Formé et non formaté
C’est cette part sacrée que des millions de Français, relayés par le mouvement des «gilets jaunes», veulent obtenir, pour se prononcer désormais, comme en Suisse, directement sur les thèmes de la politique. Et non se contenter, tous les cinq ans, de choisir des «représentants», qui feraient la politique à leur place. Parce que cette part réclamée est sacrée, le président Emmanuel Macron la leur refuse, ou rechigne en tentant de gagner du temps: l’ordre du sacré, dans son esprit, est réservé au monarque.

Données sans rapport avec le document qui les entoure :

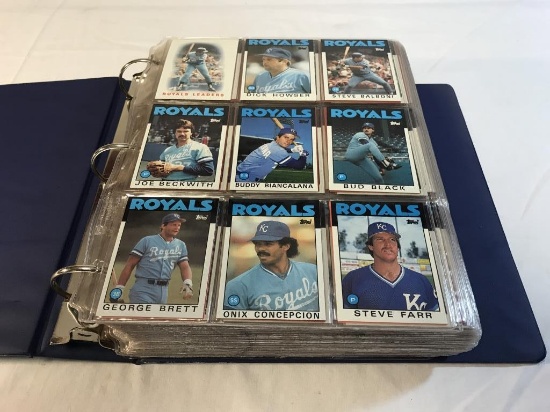1986 Topps Baseball Complete Set in binder 1-792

En Suisse, nous devenons citoyens à l’âge de 18 ans, celui du droit de vote. Mais pour être immédiatement opérationnel, à ce moment de la vie, dans le champ politique, il est absolument nécessaire d’y avoir été, avec patience et pendant de longues années, formé par le système scolaire. Formé à la citoyenneté, et non formaté pour se fondre dans un parti ou un autre!
L’histoire politique
Formé aux actes citoyens, à la mécanique de décision dans notre pays. Informé, dès l’école primaire, de façon aiguisée, appétissante, plaisante, pourquoi pas ludique, sur notre système. Initié, surtout, à l’histoire politique. Celle de l’Europe, celle du monde, celle de la Suisse, celle du canton. Initié, par des profs d’histoire qui aient la niaque! On n’a pas le droit, sur des sujets aussi capitaux, de se montrer ennuyeux, grisâtre, poussiéreux: le prof d’histoire doit être le hussard noir de la République, celui qui éveille, excite, secoue le sens, affûte la curiosité, dégage des lignes de crête, éclaircit les horizons.

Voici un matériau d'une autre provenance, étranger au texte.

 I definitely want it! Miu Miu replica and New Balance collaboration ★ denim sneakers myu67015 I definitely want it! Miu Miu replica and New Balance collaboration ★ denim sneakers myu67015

Quant à l’éducation citoyenne, elle peut afficher mille visages. Débats, jeux de rôles, visionnements d’émissions TV, écoutes de moments de radio, initiation à l’usage des sites internet, et même à une utilisation citoyenne des réseaux sociaux. Il est urgent, en Suisse, que près d’un siècle d’archives SSR (radio dès les années vingt, TV dès les années 1950) soient totalement et gratuitement mises en ligne. Et que les écoles puissent les utiliser, les mettre en contexte, en perspective. On ne laisse pas dormir un tel trésor!
Mise en appétit citoyen
Avant tout, il faut que l’Ecole de la République se pénètre bien de sa mission de mise en appétit citoyen. Elle n’est pas là pour regarder passer les trains, ni pour se réfugier dans une tour d’ivoire. Elle est une part très importante de la vie citoyenne, tout court. La formation, à Genève, est maintenant obligatoire jusqu’à 18 ans. Eh bien formons des citoyens, c’est essentiel!